Weekly Export Sales Firm
Grain sales have slowed from the rapid rate seen in the first two months of the marketing year
Weekly Export Sales Firm
- Soybean sales, for the week ended November 5, of 54 million bushels were within market expectations and were in line with sales the last two weeks.
- China bought 21 million bushels, bringing their total purchases for 2020/21 to 1,014 million compared to 209 million last year.
- There are also 386 million bushels in sales on the books for "unknown" of which half is likely for China.
- Corn sales last week were 38.5 million bushels, down from the previous three weeks' sales of 72-103 million bushels per week.
- China purchases for the week were just 433,000 bushels, and their total purchases are at 425 million.
- Wheat sales of 11.0 million bushels were disappointing as it was the second lowest total of the marketing year to date.
- Upland cotton sales of 236,800 running bales were up 30% percent from the prior 4-week average with increases primarily for Pakistan and Vietnam.
FBN’s Take On What It Means: Grain sales have slowed from the rapid rate seen in the first two months of the marketing year. However, total commitments to all destinations easily remain record high for early November. Exporters will need to continue incentivizing producers to move grain to fulfill these obligations, which will likely continue to support prices.
Mato Grosso Soy Crop At Risk
- AgRural reports less than normal rains have delayed planting and cast doubt over yields in the state.

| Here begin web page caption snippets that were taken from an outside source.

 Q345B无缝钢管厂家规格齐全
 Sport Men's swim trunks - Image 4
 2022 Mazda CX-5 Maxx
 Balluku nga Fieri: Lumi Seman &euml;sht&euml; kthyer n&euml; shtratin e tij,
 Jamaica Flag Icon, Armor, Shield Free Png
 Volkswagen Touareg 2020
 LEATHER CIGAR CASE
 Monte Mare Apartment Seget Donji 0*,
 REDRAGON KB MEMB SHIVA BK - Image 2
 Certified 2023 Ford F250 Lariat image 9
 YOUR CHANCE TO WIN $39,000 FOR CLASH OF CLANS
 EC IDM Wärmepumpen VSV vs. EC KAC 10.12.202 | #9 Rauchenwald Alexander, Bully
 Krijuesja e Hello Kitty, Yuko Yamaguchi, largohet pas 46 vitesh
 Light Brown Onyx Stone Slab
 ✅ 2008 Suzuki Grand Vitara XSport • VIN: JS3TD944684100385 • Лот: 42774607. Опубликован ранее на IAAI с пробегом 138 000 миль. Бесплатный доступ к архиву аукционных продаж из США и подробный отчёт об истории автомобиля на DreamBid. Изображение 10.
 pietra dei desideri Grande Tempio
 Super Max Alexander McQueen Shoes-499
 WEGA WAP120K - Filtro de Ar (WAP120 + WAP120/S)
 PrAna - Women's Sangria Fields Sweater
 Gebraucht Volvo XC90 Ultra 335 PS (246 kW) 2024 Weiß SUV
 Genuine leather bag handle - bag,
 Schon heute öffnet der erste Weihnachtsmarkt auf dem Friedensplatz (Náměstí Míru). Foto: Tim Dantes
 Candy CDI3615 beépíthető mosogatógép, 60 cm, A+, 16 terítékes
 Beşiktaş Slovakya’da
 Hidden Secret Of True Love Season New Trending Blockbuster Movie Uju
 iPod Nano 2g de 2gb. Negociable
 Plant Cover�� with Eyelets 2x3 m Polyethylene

- Planting progress has reached 94% complete according to Imea.
- Producers in the western portion of the state are having to replant areas that have been dry too long.
- One large producer reported it will reduce planted area over 12% from the 369,000 acres initially planned.
- Mato Grosso usually produces about 30% of Brazil’s soybean crop.
- Conab forecast Mato Grosso will produce almost 37 million tonnes of soybeans in 2021.
- The agency projected Brazi’s total production at a record of 135 million tonnes.
FBN’s Take On What It Means: A drought in September led to planting delays in some regions of Brazil and in Mato Grosso. It is still early in the season and weather could improve, but the start of the growing season has not been ideal. The weather risk is intensified as US ending stocks are seen shrinking.